» **What to produce**:
From the records that follow, return exactly the lines beginning at the one that contains "Country Pet Lodge & Salon Logo" and ending at the one that contains "2016 Opel Insignia - 5", pictures left out.

[[ Provided information, beginning ]]

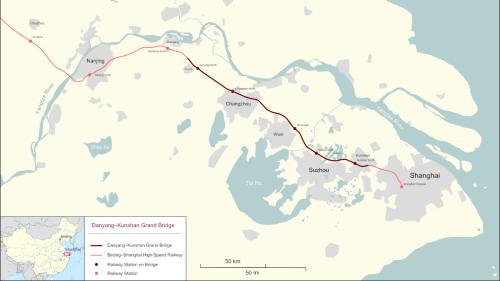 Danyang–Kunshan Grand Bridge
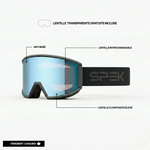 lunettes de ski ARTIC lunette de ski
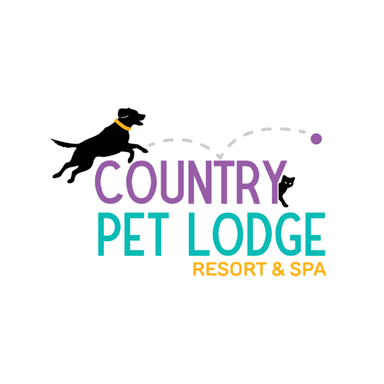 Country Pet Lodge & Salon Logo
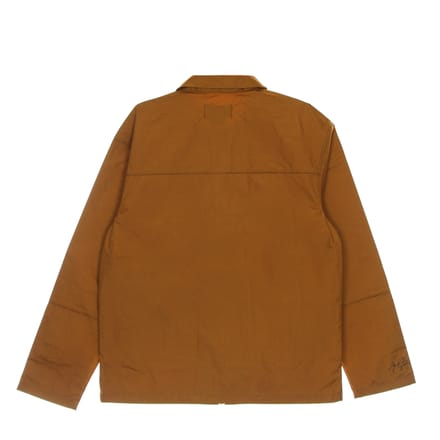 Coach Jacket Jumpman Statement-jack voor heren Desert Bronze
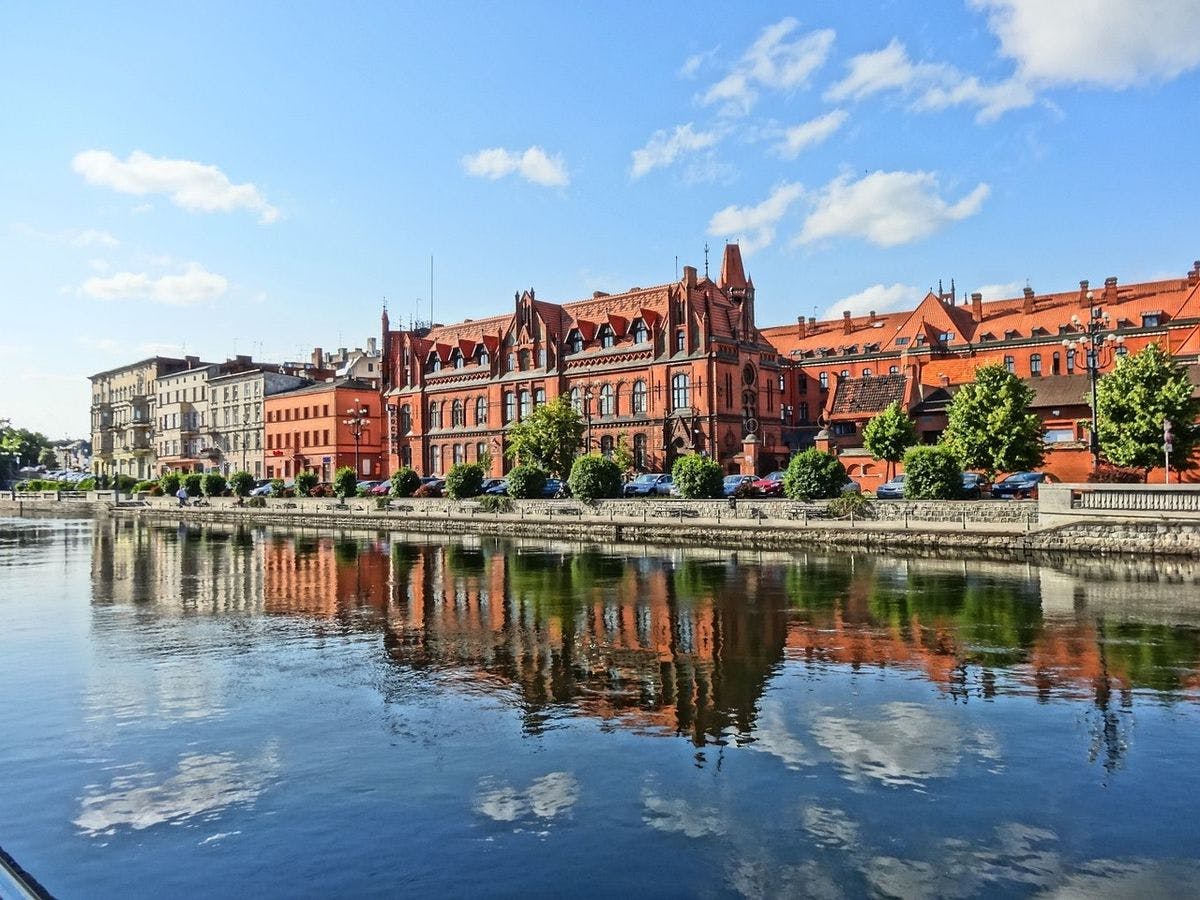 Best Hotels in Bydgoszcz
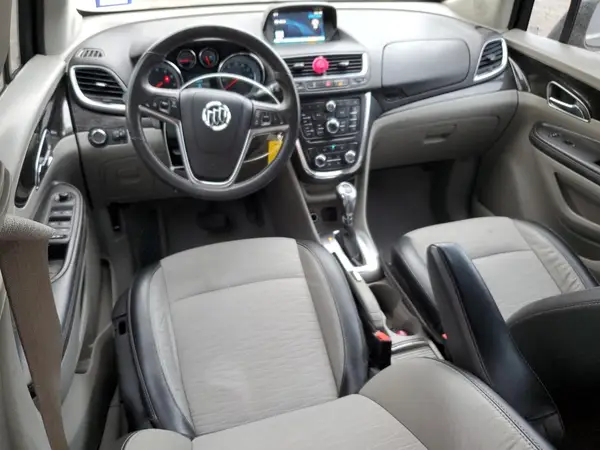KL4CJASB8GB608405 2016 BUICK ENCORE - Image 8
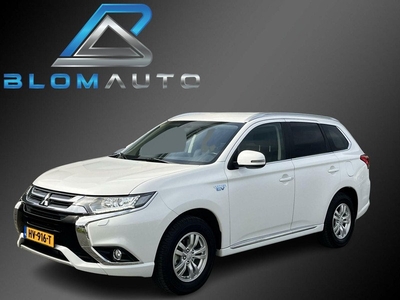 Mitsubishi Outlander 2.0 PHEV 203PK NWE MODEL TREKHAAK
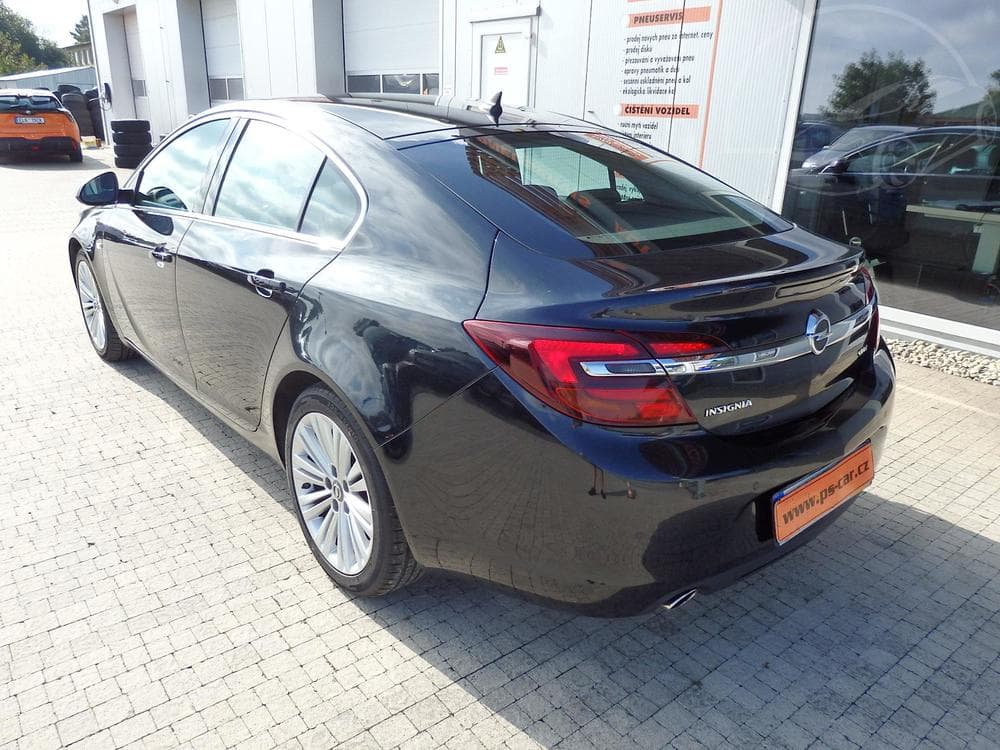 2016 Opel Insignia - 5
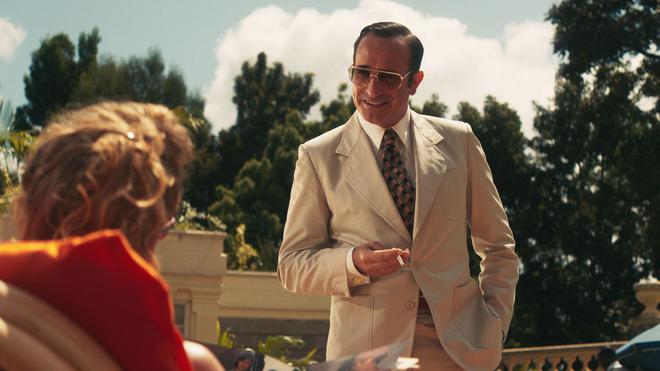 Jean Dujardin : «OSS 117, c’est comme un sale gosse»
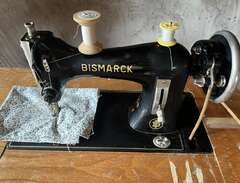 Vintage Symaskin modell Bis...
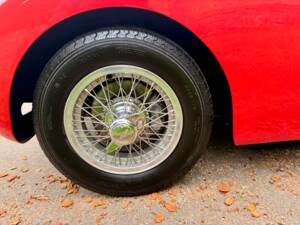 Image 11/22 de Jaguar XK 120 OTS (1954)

[[ Provided information, end ]]
[[ Provided information, beginning ]]

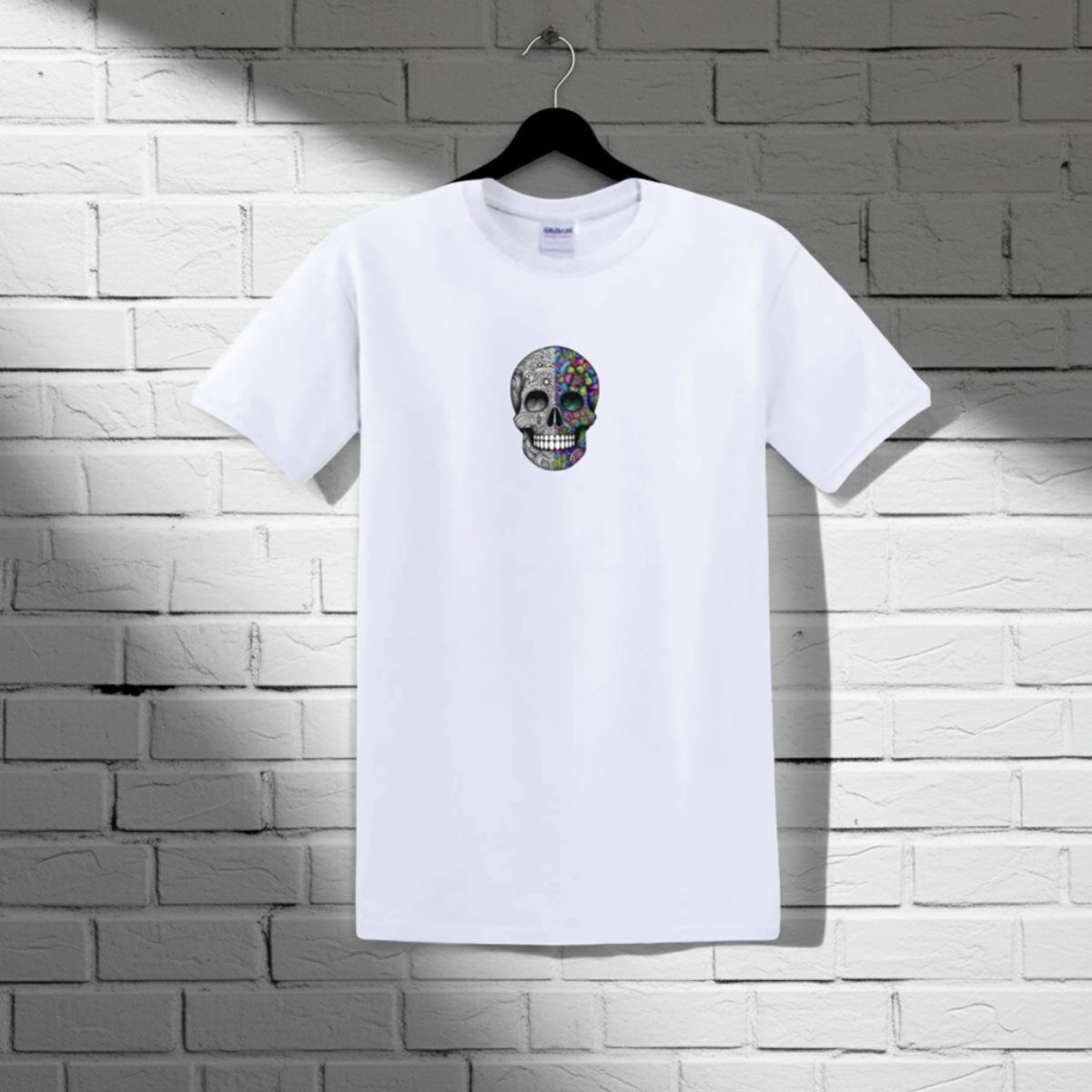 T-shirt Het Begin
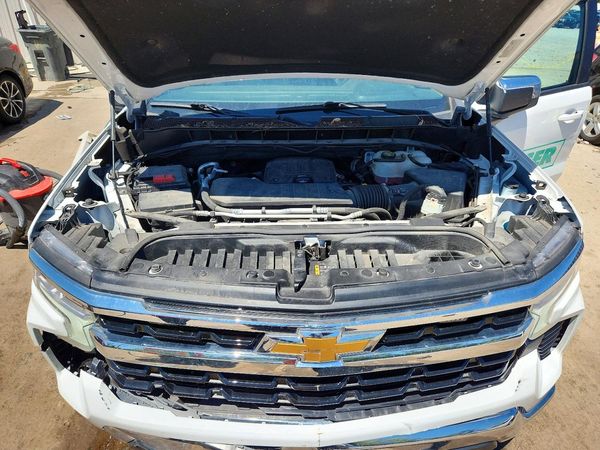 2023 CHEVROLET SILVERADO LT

[[ Provided information, end ]]
[[ Provided information, beginning ]]

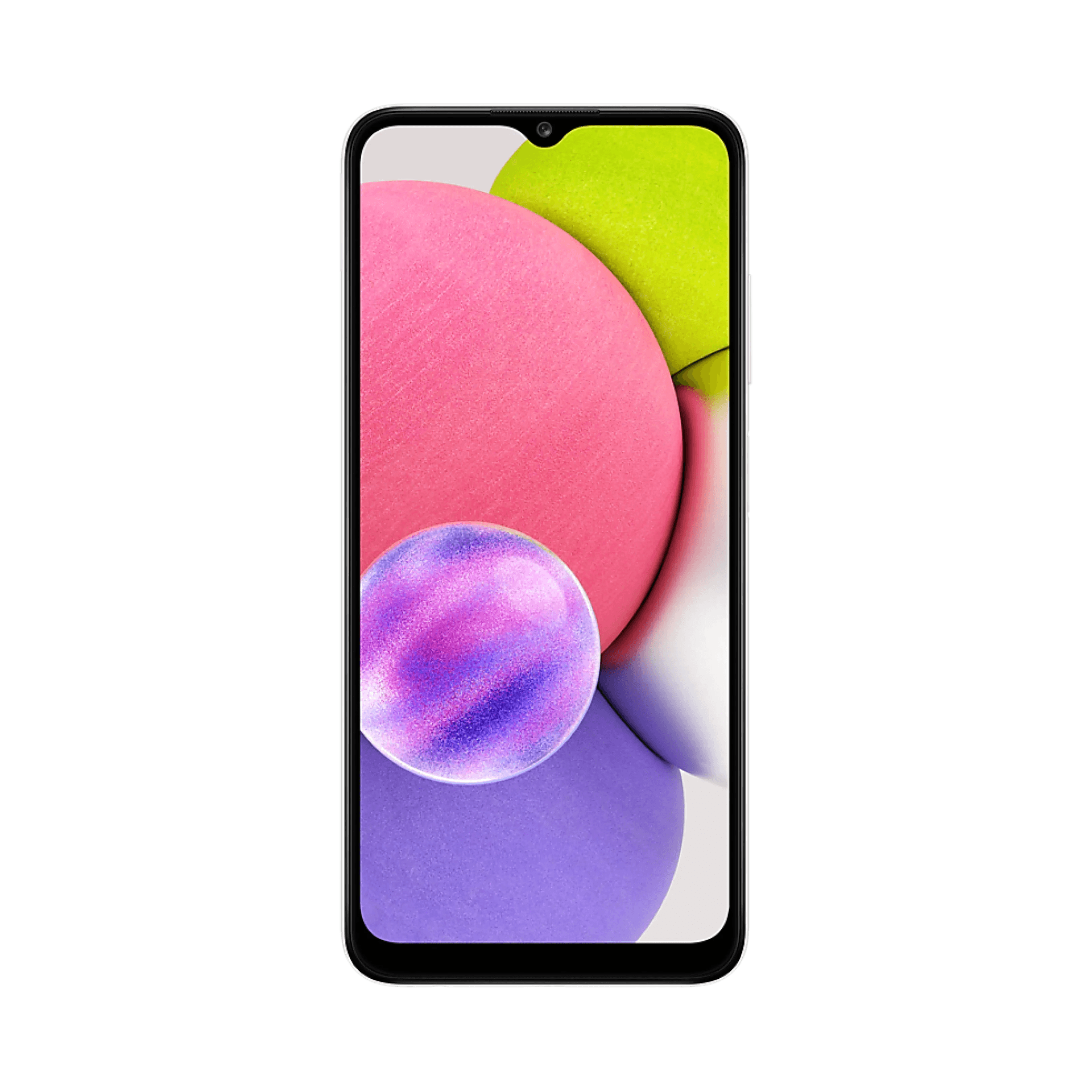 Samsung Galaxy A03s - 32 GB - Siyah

[[ Provided information, end ]]

» **Exercise output**:
 Country Pet Lodge & Salon Logo
 Coach Jacket Jumpman Statement-jack voor heren Desert Bronze
 Best Hotels in Bydgoszcz
KL4CJASB8GB608405 2016 BUICK ENCORE - Image 8
 Mitsubishi Outlander 2.0 PHEV 203PK NWE MODEL TREKHAAK
 2016 Opel Insignia - 5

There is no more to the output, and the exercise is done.